Is Preventive Self-Care the Fairest Strategy of All?

By Martha Michael

Couple Looking in Mirror, Thinking About HEalth

If you’re older than ... oh, about 15, you already know the Wicked Queen was wrong. Being “fairest of them all” may get you an attractive spouse, but it’s not very useful ever after.

There’s nothing wrong with looking in the mirror, however; you just have to know what to look for. If your goal is maximum health and wellness, it’s a good idea to use some different vantage points to see how well you’re taking care of yourself.

Check the Rearview Mirror

Sometimes we’re encouraged to stop living in the past. Can it be stifling and limit our potential, physically and emotionally? Sure. But there are benefits, too. Taking care of yourself better may be easier if you see who you are and where you’ve been.

“The power of the past is not to prevent (you) from moving forward, but to energize leaping forward into an unknown future,” says Krystine I. Batcho, PhD, in a Psychology Today article about nostalgia. “Research has shown nostalgia to be associated with greater attention to thinking and strategizing and then taking action to improve the situation.”

Milestones such as graduations and awards are an important part of our continuity, Batcho says, because our past contributes to who we are now.

Your genetic past is worth your attention too, according to a Centers for Disease Control article about medical check-ups.
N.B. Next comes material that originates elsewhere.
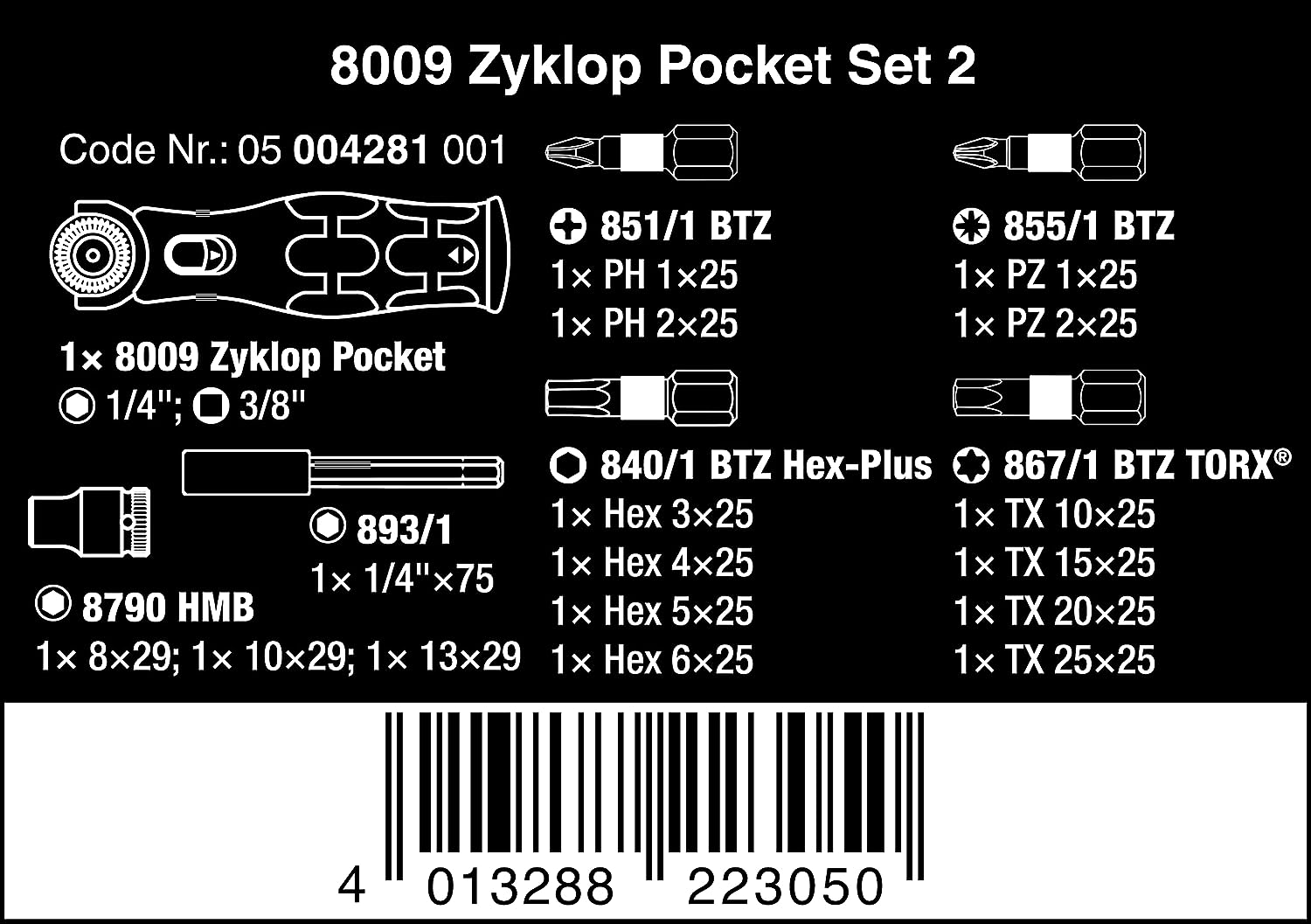Wera 8009 Zyklop Pocket Imperial Set 1, 13‑delig Wera 8009 Zyklop Pocket Imperial Set 1, 13‑delig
It suggests you look at your family medical history before an initial appointment with your practitioner. It’s one way to measure your risks of contracting such diseases as diabetes or stroke. The adage about those who forget the past are doomed to repeat it has some merit.

Consider the Present

Part of your routine should be regular check-ups, says the CDC, so your care provider can develop a plan for treatment and recommend screenings and exams you may need. For example, upon your initial visit to The Joint Chiropractic, you can expect a comprehensive assessment that won’t break the bank.

“Regular health exams and tests can help find problems before they start,” the CDC says. “They also can help find problems early, when your chances for treatment and cure are better. By getting the right health services, screenings, and treatments, you are taking steps that increase your chances for living a longer, healthier life. Your age, health and family history, lifestyle choices (i.e., what you eat, how active you are, whether you smoke), and other important factors impact what and how often you need healthcare.”
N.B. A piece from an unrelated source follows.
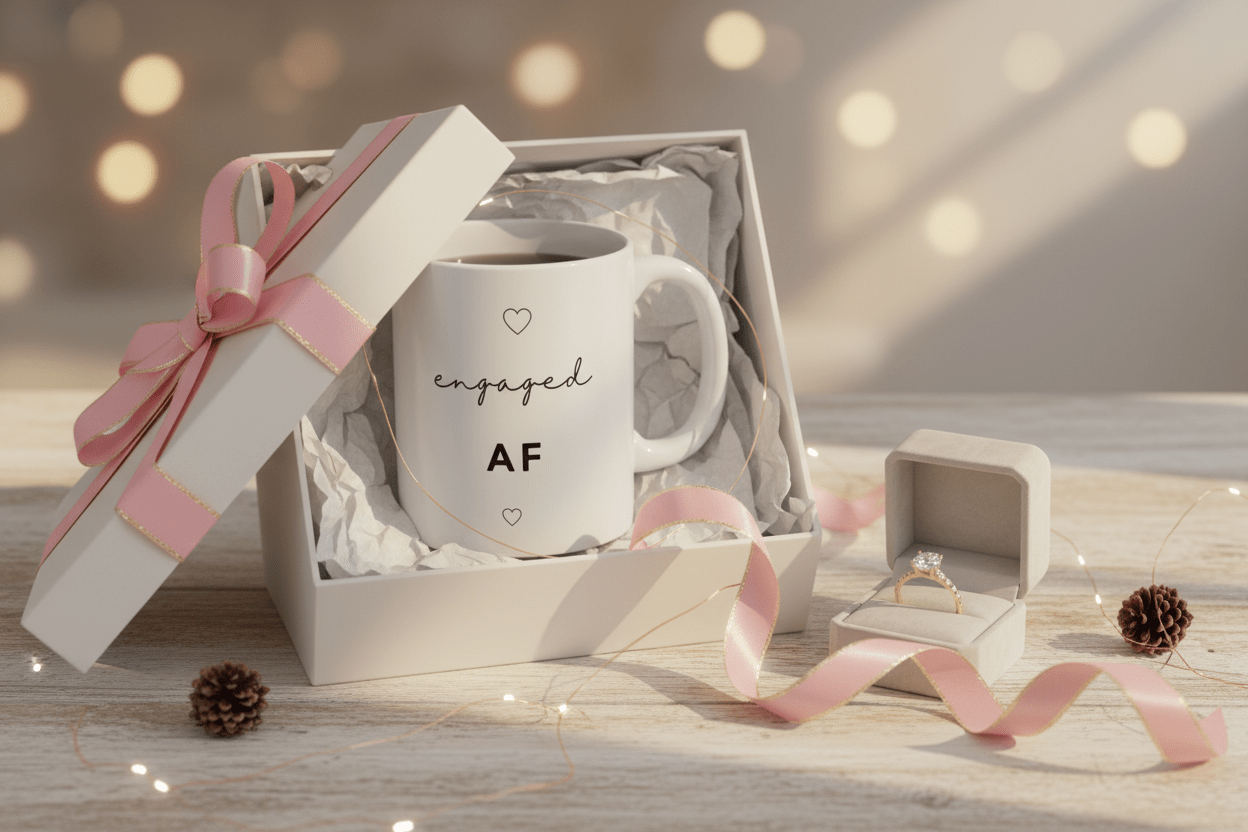 Engaged AF ceramic mug in gift box, white with black text and heart icon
If preventive care becomes a part of your routine, your new regimen of health maintenance means your chiropractor can assess your progress with a baseline in mind. The CDC recommends speaking up if your self-care has been unhealthy in any way. You and your provider can develop a better plan with that knowledge.

Stepping up your wellness can take many forms, of course. The National Institute of Diabetes and Digestive and Kidney Diseases (NIDDKD) recommends brisk walking or sports, such as soccer or swimming, in which you can get 150-300 minutes of physical activity per week. You want to add to your muscle strength, as well. For this, NIDDKD suggests push-ups, heavy gardening or lifting weights, for example.

Focus on the Future

Some of your lifestyle changes or procedures may be a plan for somewhere down the line. You may want to choose convenient timing to quit smoking, or plan to save money for a gym membership. Infertility could be something you plan to address. These are all good conversations to have with your practitioner.

Dr. JoAnn Manson, a professor at Harvard Medical School, offers seven steps toward healthy goals that, among other things, include:

  • Ease into exercise
  • Sleep until you're rested
  • Follow a heart-healthy diet
  • Snack selectively
  • Stay connected

We’re living longer today, so keeping up the healthy lifestyle is key, and Dr. Manson thinks your enjoyment will increase your odds.

"No matter how good an activity may be for you, you probably won't sustain it if you hate doing it," she says.

If Dr. Manson’s right and the changes you make in your life need to involve things you enjoy, then where your health is concerned, there really is a use for “happily ever after.”